AIM OF THE TASK: Working through the data below, reproduce word for word the line with "L' Aloe vera" and every line after it, both ends included, and omit the pictures.

MATERIAL PROVIDED:

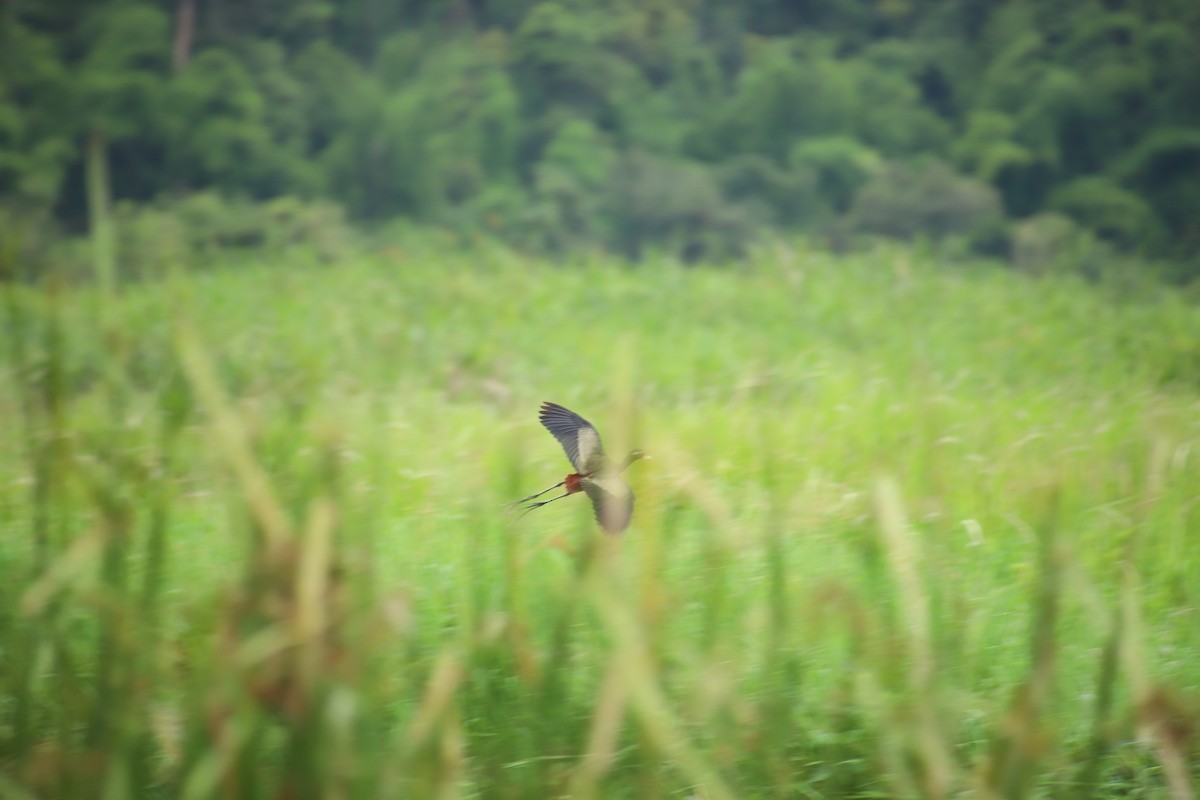 Bronze-winged Jacana - ML248397101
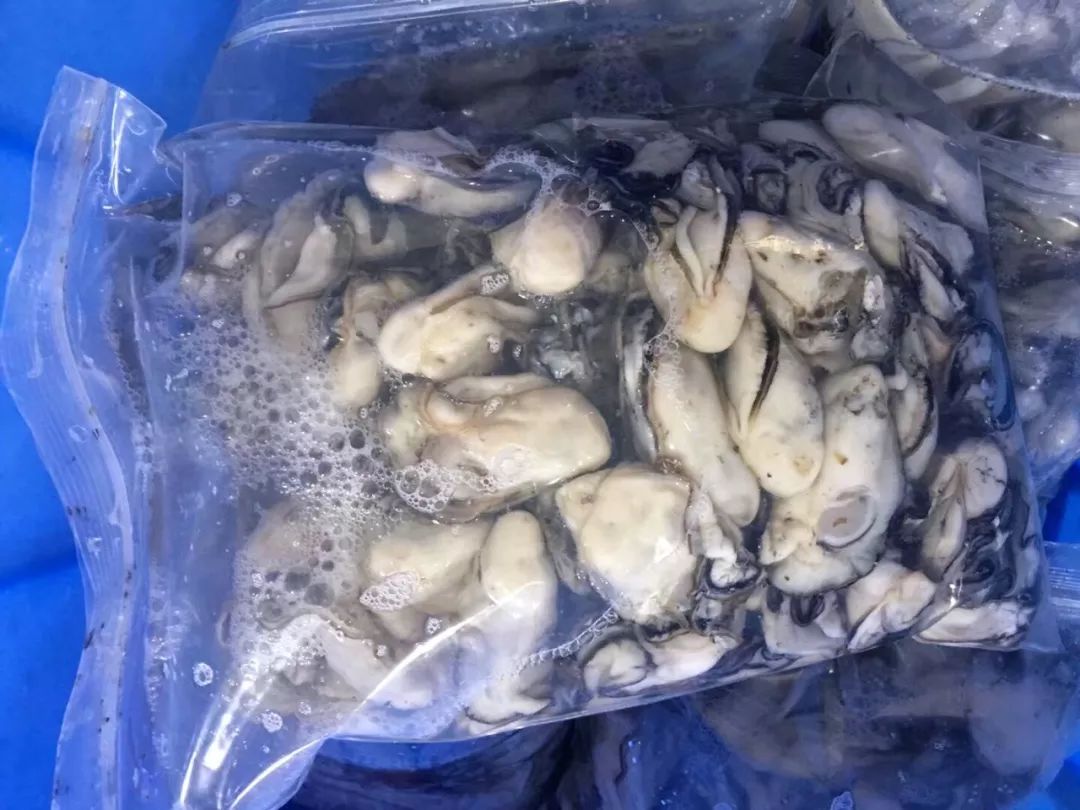 肉生蚝肉三指粗的生蚝肉在石楼就可以吃到啦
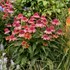 Echinacea 'Rainbow Sherbet' PPAF DOUBLE DIPPED™ Series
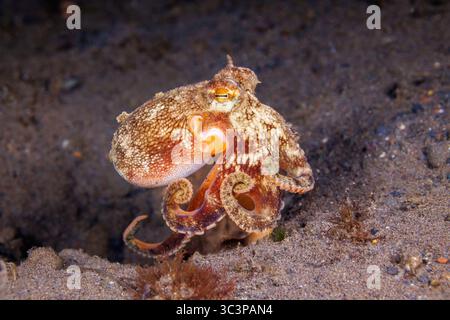 Der Kokosnuss-Oktopus, Amphioctopus marginatus, ist auch bekannt als der Aderkraken auf Bali, Indonesien. Dieser clevere Kopffüßer hält Kokosnussschalen und Stockfoto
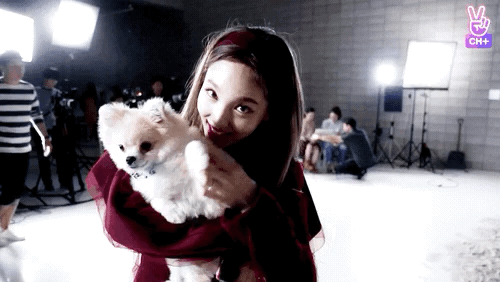 이제는 키우는 강아지에게 마저 업신여김당하는 나연이 | 인스티즈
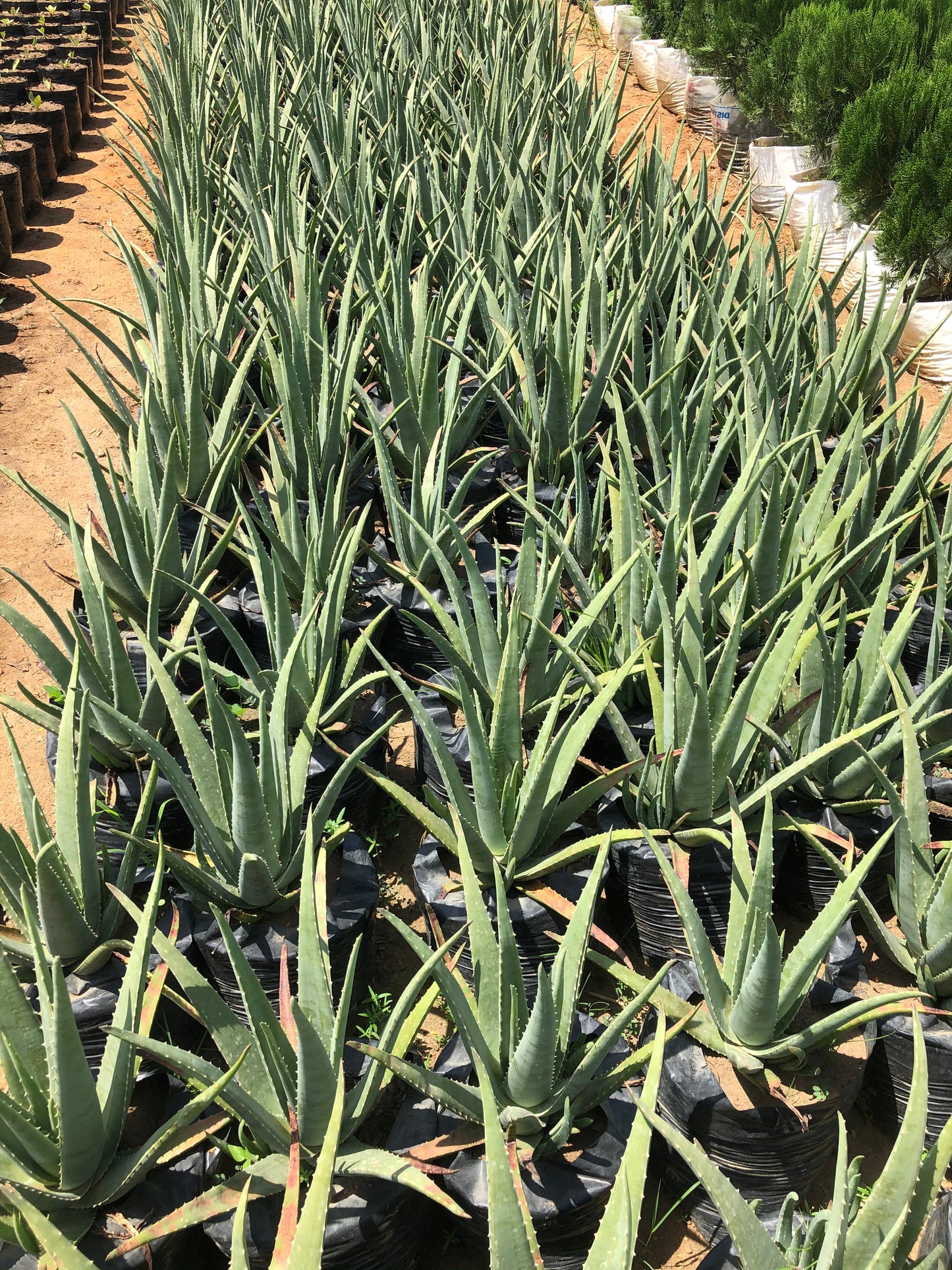 L' Aloe vera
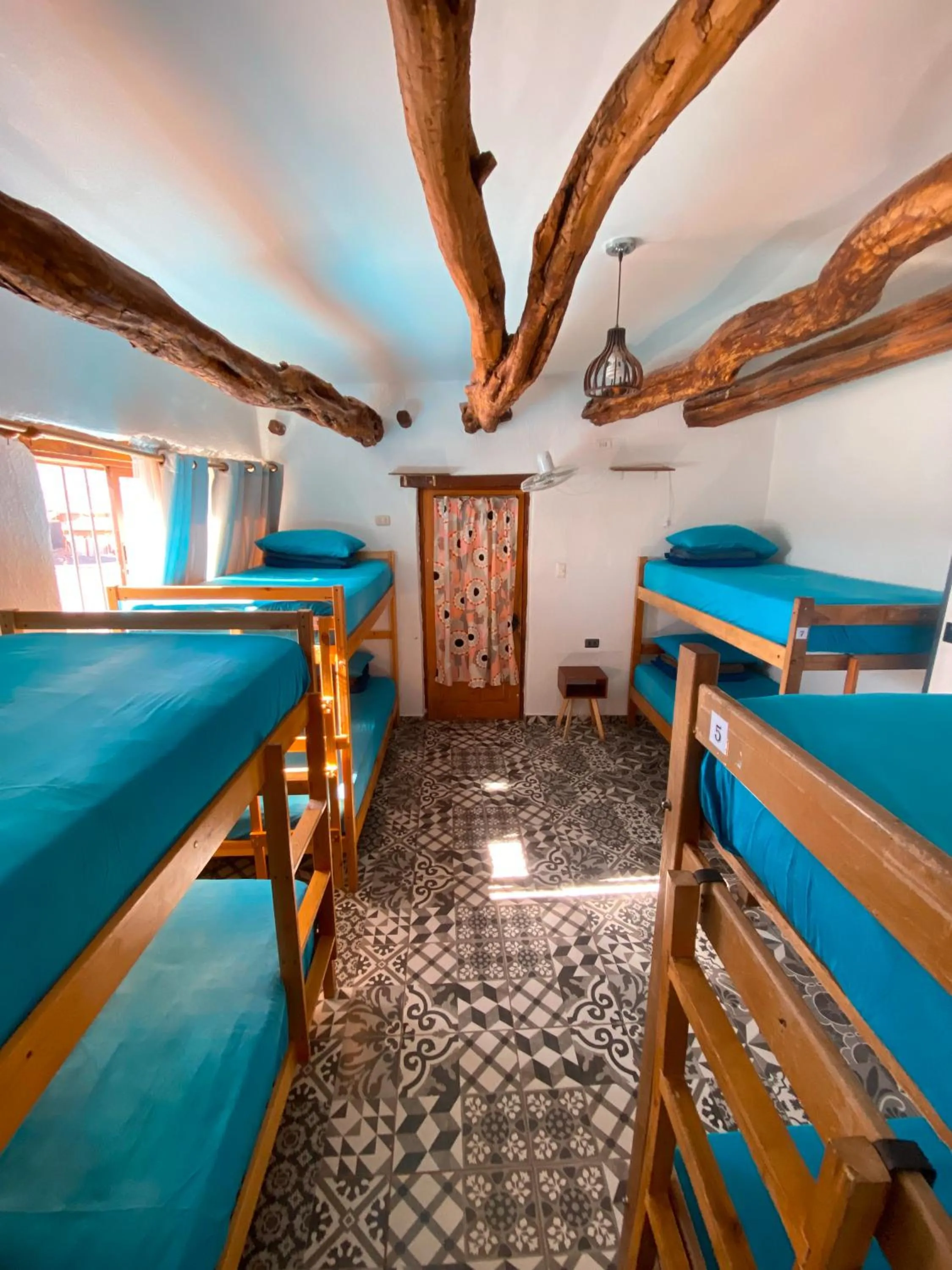 Bed in Rey Lagarto Hostel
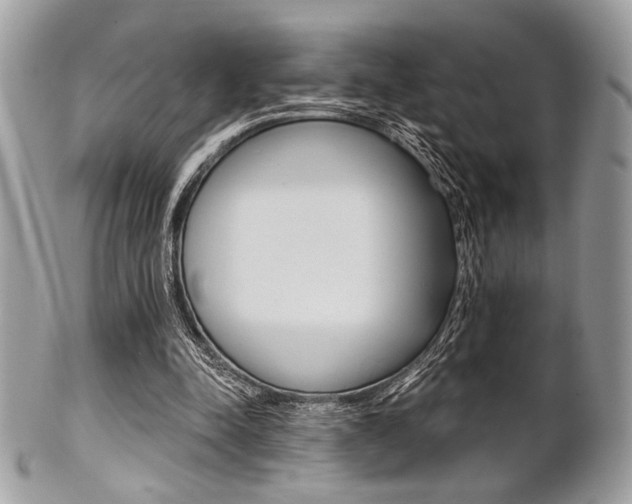 X0000101410342200807071012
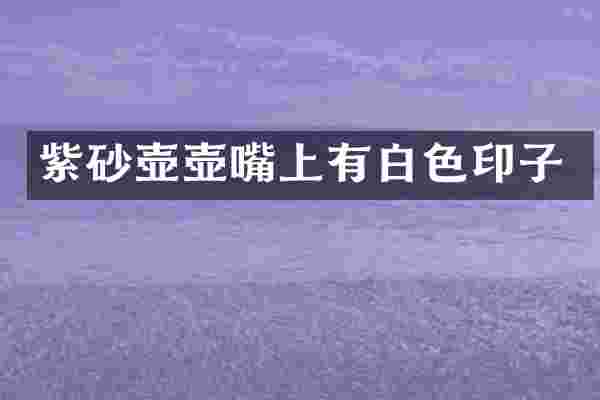 紫砂壶壶嘴上有白色印子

ANSWER TO THIS TASK:
 L' Aloe vera
 Bed in Rey Lagarto Hostel
 X0000101410342200807071012
 紫砂壶壶嘴上有白色印子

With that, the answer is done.